■ What is being asked
Instruction for the entries that follow: retype exactly the lines from the line with "FORD F-150 2018 1ftew1e54jfc04622" to the line with "S26-PR-T3 Light Grid Waffle T-shirt (15)", both included, and omit all others.

[Caption-style text data]

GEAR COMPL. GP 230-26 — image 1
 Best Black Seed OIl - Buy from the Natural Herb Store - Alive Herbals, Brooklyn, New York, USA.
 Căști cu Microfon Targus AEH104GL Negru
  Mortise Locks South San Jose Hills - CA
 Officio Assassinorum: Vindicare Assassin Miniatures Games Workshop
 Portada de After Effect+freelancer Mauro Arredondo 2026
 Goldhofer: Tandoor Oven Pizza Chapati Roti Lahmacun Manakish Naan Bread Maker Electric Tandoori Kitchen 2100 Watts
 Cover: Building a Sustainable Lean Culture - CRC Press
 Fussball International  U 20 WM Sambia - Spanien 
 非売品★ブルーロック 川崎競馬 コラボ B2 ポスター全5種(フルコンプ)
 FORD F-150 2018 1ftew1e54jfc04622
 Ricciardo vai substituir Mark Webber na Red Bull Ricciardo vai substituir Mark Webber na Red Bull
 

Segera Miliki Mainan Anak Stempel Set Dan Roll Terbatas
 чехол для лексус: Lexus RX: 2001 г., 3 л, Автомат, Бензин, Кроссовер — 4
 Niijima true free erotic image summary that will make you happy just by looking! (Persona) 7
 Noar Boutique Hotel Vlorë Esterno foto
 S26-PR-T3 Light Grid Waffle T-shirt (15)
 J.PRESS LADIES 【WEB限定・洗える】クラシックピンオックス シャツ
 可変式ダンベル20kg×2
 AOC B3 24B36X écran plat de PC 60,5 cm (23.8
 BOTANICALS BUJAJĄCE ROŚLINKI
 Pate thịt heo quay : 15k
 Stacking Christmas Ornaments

■ Exercise solution
 FORD F-150 2018 1ftew1e54jfc04622
 Ricciardo vai substituir Mark Webber na Red Bull Ricciardo vai substituir Mark Webber na Red Bull
 

Segera Miliki Mainan Anak Stempel Set Dan Roll Terbatas
 чехол для лексус: Lexus RX: 2001 г., 3 л, Автомат, Бензин, Кроссовер — 4
 Niijima true free erotic image summary that will make you happy just by looking! (Persona) 7
 Noar Boutique Hotel Vlorë Esterno foto
 S26-PR-T3 Light Grid Waffle T-shirt (15)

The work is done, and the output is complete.